I sometimes feel appalled at the thought of the sum total of human misery all over the world at the present moment: the millions parted, fretting, wasting in unprofitable days – quite apart from torture, pain, death, bereavement, injustice. If anguish were visible, almost the whole of this benighted planet would be enveloped in a dense dark vapour, shrouded from the amazed vision of the heavens! And the products of it all will be mainly evil – historically considered. But the historical version is, of course, not the only one. All things and deeds have a value in themselves, apart from their ‘causes’ and ‘effects’. No man can estimate what is really happening at the present sub specie aeternitatis. All we do know, and that to a large extent by direct experience, is that evil labours with vast power and perpetual success – in vain: preparing only the soil for unexpected good to sprout in. So it is in general, and so it is in our lives [editor’s cutoff here] But there is still some hope that things may be better for us, even on the temporal plane, in the mercy of God. And though we need all our natural human courage and guts (the vast sum of human courage and endurance is stupendous, isn’t it?) and all our religious faith to face the evil that may befall us (as it befalls others, if God wills) still we may pray and hope. I do. And you were so special a gift to me, in a time of sorrow and mental suffering, and your love, opening at once almost as soon as you were born, foretold to me, as it were in spoken words, that I am consoled ever by the certainty that there is no end to this.

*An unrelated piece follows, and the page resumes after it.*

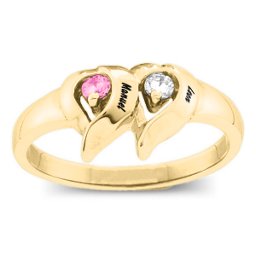"Cerca" Ring with 1-4 Stones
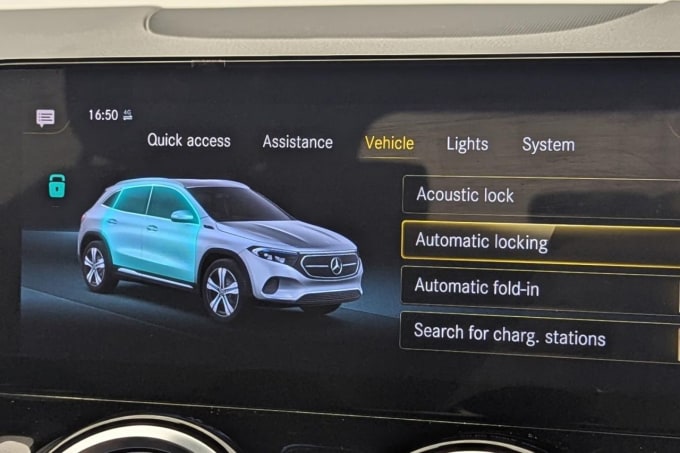 2025 Mercedes-benz Eqa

Tolkien obviously does not think that history progressively builds to its eschatological crescendo, but he does think that events in history give glimpses that offer foretastes of that crescendo in which the defeat of evil will be final and permanent.

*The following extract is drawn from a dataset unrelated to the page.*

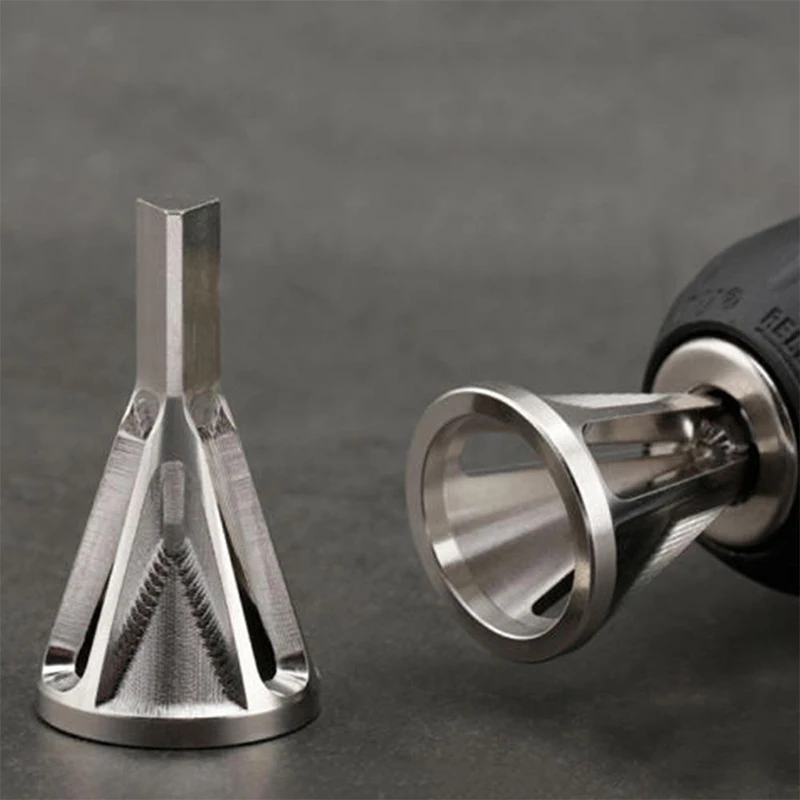 

Electric Chamfering Tool Deburring External Chamfer Tool Stainless Steel Remove Burr for Suitable For All Kinds Of Chuck Drill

Likewise, in Letter #69 to Christopher, he writes:
A small knowledge of history depresses one with the sense of the everlasting mass and weight of human iniquity: old, dreary, endless repetitive unchanging incurable wickedness. All town, all villages, all habitations of men – sinks! And at the same time one knows that there is always good: much more hidden, much less clearly discerned, seldom breaking out into recognizable, visible, beauties of word or deed or face – not even when in fact sanctity, far greater than the visible advertised wickedness, is really there. But I fear that in the individual lives of all but a few, the balance is debit – we do so little that is positive good, even if we negatively avoid what is actively evil. It must be terrible to be a priest!

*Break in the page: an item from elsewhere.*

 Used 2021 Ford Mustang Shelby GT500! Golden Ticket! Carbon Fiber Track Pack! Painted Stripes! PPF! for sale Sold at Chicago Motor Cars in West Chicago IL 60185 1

In both of these letters, he shows that it is too simplistic to call his view of history “pessimistic.” It is a rather complicated and thoroughly Christian view of history, one which is all too aware of the intransigent problems of history at the individual, collective, and systemic levels, but which is all too hopeful of a delivering eschatological conclusion. This is further supported by the underlying conviction demonstrated in subtle ways throughout his fictional work that God is providentially guiding history to its ultimate end, even when such action is often not obvious.
Furthermore, he notes in Letter #165 to Houghton Mifflin Co. a particular scene of his in which the Secondary World of Middle-earth reflects the Primary World; namely, that of Gollum’s near-repentance on the Stairs of Cirith Ungol, which Sam unthinkingly thwarts by his faithfulness to his friend and master. He writes, “this seems to me really like the real world in which the instruments of just retribution are seldom themselves just or holy; and the good are often stumbling blocks.” In instances such as this one, Tolkien shows that the moral and providential picture of his world is more complicated than it is often given credit for being and it is thus more reflective of the Primary World in both of these ways.
Jared is, however, completely correct that Tolkien did not buy into the meta-narrative that the continued development of technology represents an unqualified good. As a lover of nature and as someone who was scarred by the sight of what technology had done to his beloved Sarehole, as well as by his experiences of the technology of death in WW1, he could not regard advancing technology as a good thing full stop. In addition to the quotes Jared draws from The Lost Road and The Hobbit, one could add from LOTR the story of Saruman. His realm of Isengard was once one in which there was much natural beauty and Treebeard says that Saruman once used to walk through Fangorn Forest and enjoy it. But now he has a mind of metal and machines for which the trees are nothing but expendable fuel. He is now run solely by this destructive industrialist instinct so as to make his realm resemble Mordor. And like his own master, he is now so thoroughly callous toward the world of creation that he uses it as fuel to make his own perverted abomination: the Uruk-hai.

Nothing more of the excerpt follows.